How studs have evolved from the Sex Pistols, to fashion, to luxury.
Studs, spikes and punk culture have been infiltrating fashion and costume jewellery for years, but now it is time for fine jewellery to find its edge, so say Juliet Hutton-Squire and Maia Adams of trend analysis agency Adorn Insight.
When the Sex Pistols were thrashing around in studs in the 1970s, they were dangerous. When East London trendies embraced studs five years ago, they were dangerously edgy. Now studs and spikes are dangerously fashionable, and the trend is shifting through to fine jewellery.
Historically studs were used in fashion to set an individual apart, to symbolise non-conformist beliefs, to shock, but now with high street stores like Zara and Topshop churning out studs morning, noon and night, on clothing, bags and shoes we have to admit that studs are a part of the mainstream.

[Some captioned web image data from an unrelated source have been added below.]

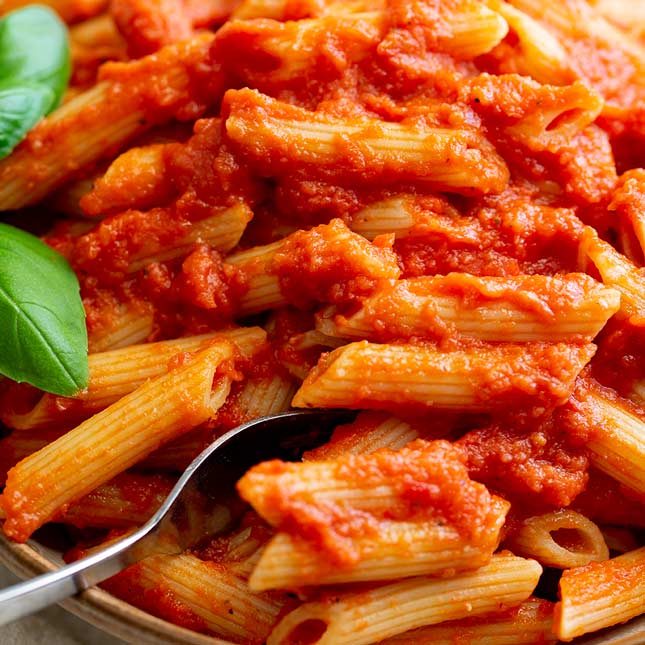 close up on a fork digging into tomato pasta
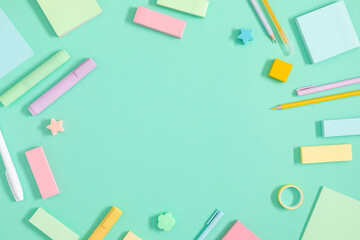Back to school background. Flat lay, top view of colorful scattered stationery on isolated light green table background. School supplies on desk. Copyspace.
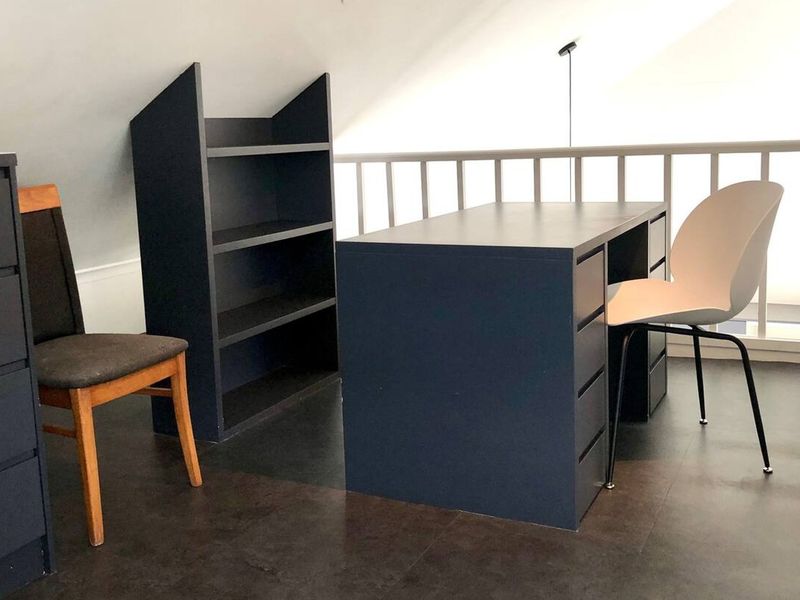 A loft-style office space featuring a sloped ceiling and a protective railing overlooking the lower level.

Costume jewellery has been embracing the spiky trend for some time, but we are now beginning to notice a real pick up on this tough-luxe trend by fine jewellery houses.
More experimental jewellery designers such as Cabinet, Ros Millar and Bjørg might be expected to embrace the form, and indeed they have done, but more traditional jewellers such as Cartier and Kirsten Goss are also getting in on the act in their own way.
And the trend is spilling out into the entire design community, such as Lee Broom adding studs to its super-luxe leather chairs. And of course, fashion is wholly on board from the subtle – the delicate stud pattern on leather handbags at Rebecca Minkoff – to the extreme – extra long spikes on the toes of shoes from brands such as Christian Louboutin and Sam Edelman.
While fashion and costume jewellery can reproduce spikes and studs as literally and as harshly as it likes, for fine jewellers the challenge is to take such a strong symbolism of defiance and rebellion and harness its power for the use of creating something beautiful.
London-based jewellery brand Kirsten Goss is known for its confident and sophisticated jewels, but it has been its Tough Luxe collection that is a little bolder than most that really captured the imagination of its customers of late, by featuring spikes.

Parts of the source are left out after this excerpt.